Así fue. La dependienta era fogosa y todo lo que tenía de tonta (¿cómo había podido creer que él, con esa corbata, era un poeta de renombre?) lo tenía de experta en amatoria. El acto se consumó ante el espejo de los aseos para el personal a donde nunca llegó la azafata muerta, y cuando finalizó la dependienta se volvió a poner el uniforme, que había quedado desparramado por el suelo, y se fue despidiéndose breve y educadamente. Un gustazo, la verdad; se notaba lo asumido que tenía la dependienta el no-lugar, cosa normal considerando que pasaba en él tantas horas que ya había adquirido su naturaleza: estaba hecha de la materia de las huríes del paraíso.

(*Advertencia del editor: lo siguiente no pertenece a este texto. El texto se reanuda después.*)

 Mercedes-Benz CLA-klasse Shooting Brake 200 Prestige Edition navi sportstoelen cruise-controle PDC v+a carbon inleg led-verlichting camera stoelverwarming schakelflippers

Él se quedó mirando su imagen reflejada en el espejo y se juzgó con gran satisfacción, pues aunque hubiera sido por puro azar había consumado con éxito la primera parte de su plan. Ahora era cuestión de completarlo. Miró el reloj. Quedaba una hora para la salida de su vuelo. En principio había tiempo suficiente, aunque antes tendría que dilucidar cómo matar sin ninguna de las herramientas tradicionales (ni siquiera veneno, pensó, pues un organismo humano, para morir, requeriría más de los cien mililitros admitidos en el equipaje de mano). Luego sonrió pensando en lo fácil que le había resultado acabar con una vida cuando no era ése su objetivo; en cómo la muerte había llegado sin instrumentos ni premeditaciones, y en la ironía de todo ello.

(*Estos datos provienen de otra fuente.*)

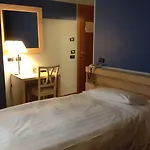 מלון Ristorante Vecchia Riva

Al salir del aseo se topó de frente con la puerta señalada Emergency Exit y sintió una arcada al notar que alguien, desde el otro lado, la estaba empujando para abrirla. Temió, y a la vez deseó fervientemente, pues eso probaría la existencia de la inmortalidad, que apareciera la azafata desangrada ajustándose la falda y atusándose el pelo, pero en su lugar salieron dos guardias de seguridad que le provocaron una breve parálisis de terror. Afortunadamente, ni sus rostros ni su banal conversación resultaron ser los de alguien que acabara de encontrarse a un muerto.

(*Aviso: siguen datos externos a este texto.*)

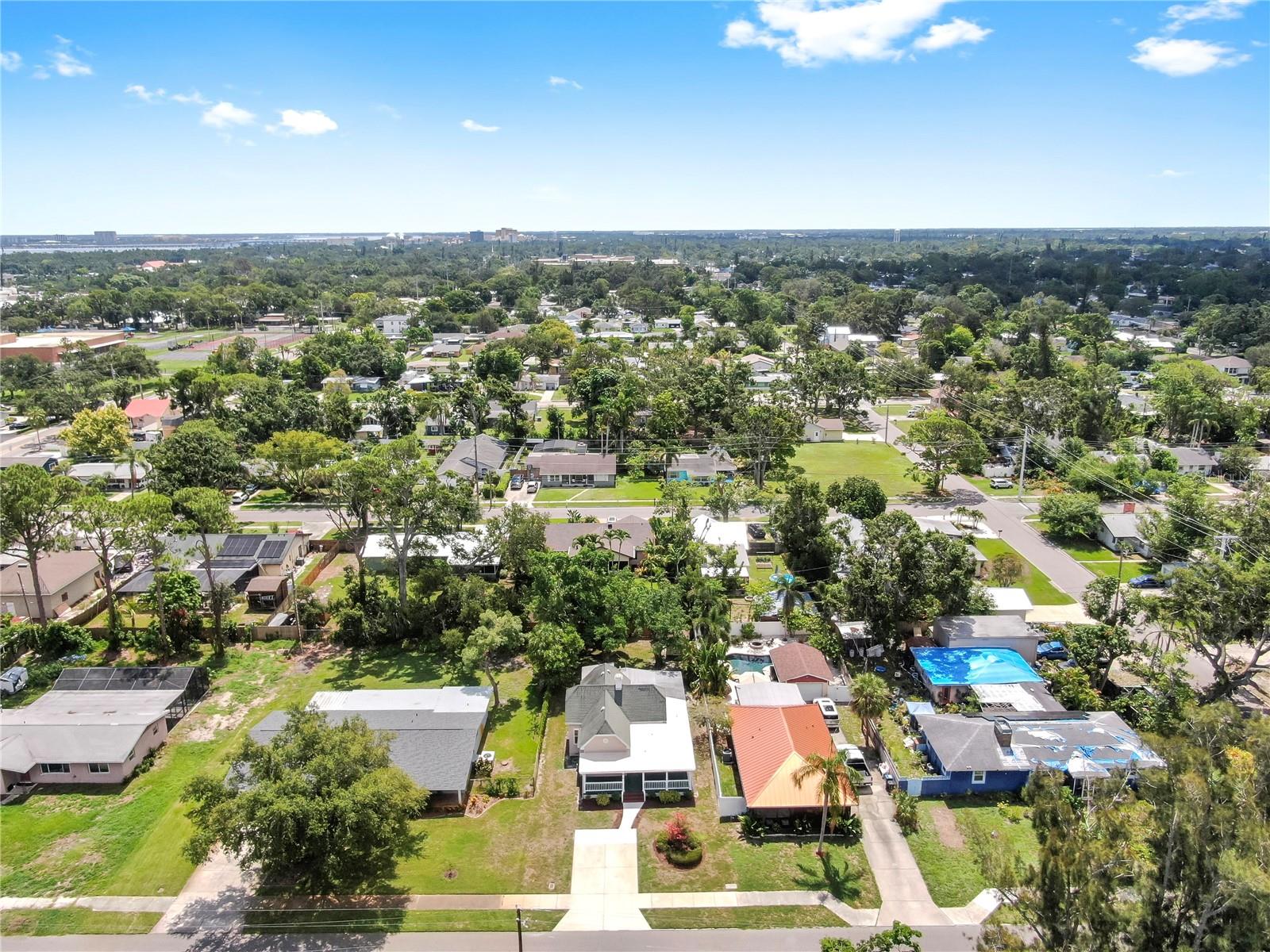 Listing photo id 38 for 1005 45th Street W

Compró otra botella de vodka para pasar el susto y para concentrarse en su objetivo. Dio un trago largo, luego otro y seguían sin fluir las ideas. Al tercer trago empezó a encontrarse débil, atormentado; de nuevo le asaltó una tristeza sin causa, imprecisa pero lo suficientemente poderosa como para hacerle sentir incapaz de ponerse manos a la obra y matar al hombre del teléfono, cuyas gilipolleces ya ni siquiera recordaba. Además, habría que encontrarlo primero, aunque es bien cierto que valdría cualquier otro porque gilipolleces dice todo el mundo, y las mismas además, pero… De nuevo una voz interrumpió sus pensamientos, y cuando levantó la cabeza para ver quién se dirigía a él se encontró cara a cara con su ya descartada víctima, que ahora no hablaba por teléfono y amablemente le preguntaba si la silla de al lado estaba libre. “Ese idiota se empeña en ir en busca de su destino”, pensó.